Add healthy fats to your lunch to increase its satisfaction and avoid blood sugar spikes and drops that leave you feeling fatigued. They may also help slow the digestion of carbohydrates, helping avoid blood sugar peaks and valleys that leave you exhausted.
Healthy fats can be found in food sources like nuts, seeds, avocado and olive oil – perfect additions to salads, sandwiches and grain bowls alike! Healthy fats provide essential fatty acids vital for brain health as well as hormonal regulation, skin health and cardiovascular well-being.
Avoid processed meats like salami and ham as these contain high amounts of saturated fat, salt and added sugar. Instead opt for lean meat such as chicken or fish as the protein source in your lunch; dairy options could include milk yoghurt or cheese for a dairy option. When packing a lunch for children be sure to pack an insulated container along with an insulated freezer pack to keep their lunch cool (for items like cheeses yoghurts & some salads).
Maintaining healthy options at hand will ensure you don’t grab whatever is first in the fridge or nearest to your desk. Plan your menu and shopping list early to give yourself the best chance of making smart choices at lunchtime. And don’t forget a portable snack to keep going until your next break!
An energy-boosting lunch can be one of the key tools for staying energized throughout the afternoon. Unfortunately, when people rush out the door without planning for their midday meal it can be easy to make quick decisions that don’t lead to healthful options.

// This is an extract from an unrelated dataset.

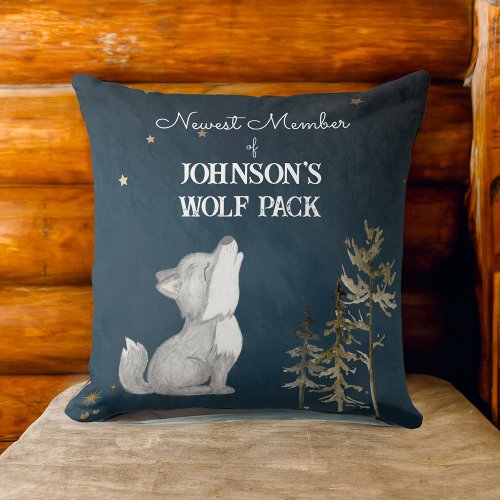 Wolf pack new member personalized name baby  throw pillow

Avoid making common lunch mistakes such as skipping meals, packing the same foods every day or selecting quick and easy options high in salt, added sugar and processed fats that could result in an energy crash or digestive discomfort.

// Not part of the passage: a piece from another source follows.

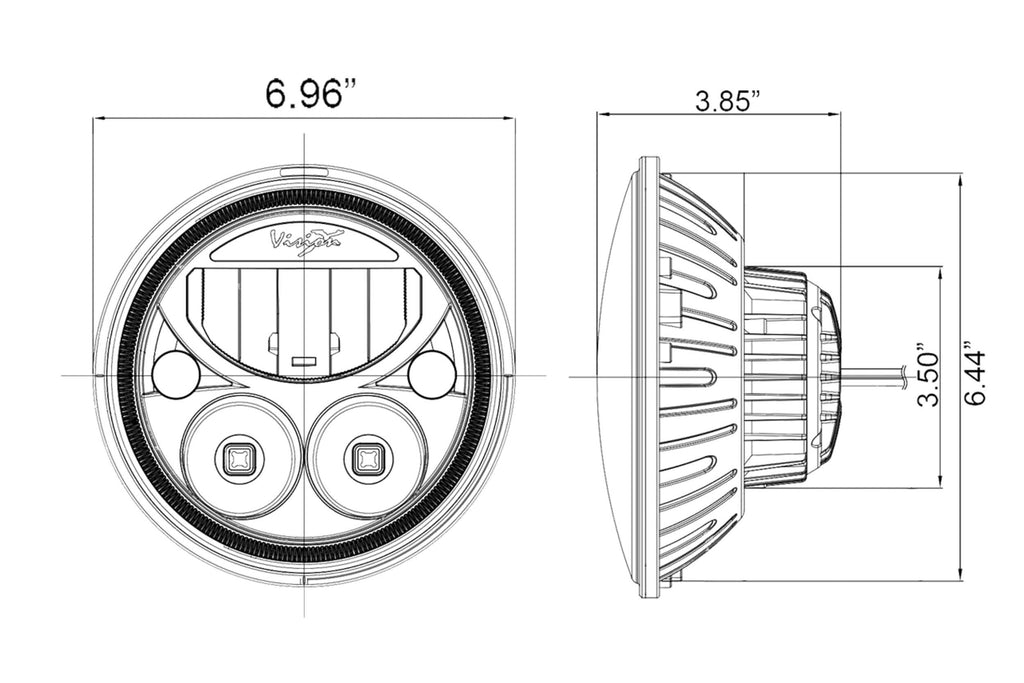 Vision X LED Headlights: (Each / 7in Round / Black Chrome / White Halo)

Pack a balanced meal instead of opting for fast and convenient options; include protein, grains, vegetables, and fruit in each of your meals so your body receives all of its essential vitamins and nutrients for optimum performance.
At every meal, try to include at least three of MyPlate food groups — fruits, vegetables, lean proteins and whole grains — while minimizing high-fat or high-salt snacks or sides, like chips or pretzels, that contain both high levels of salt and saturated fat as well as added sugar such as granola bars or dried fruits that might add sugar to your plate.
Try to select fruits from various colors when choosing fruit options. Each fruit and berry carries important phytochemicals that may provide protection from cancer, heart disease and other chronic diseases; blackberries contain vitamin C and antioxidants while kiwis provide vitamins minerals and fiber.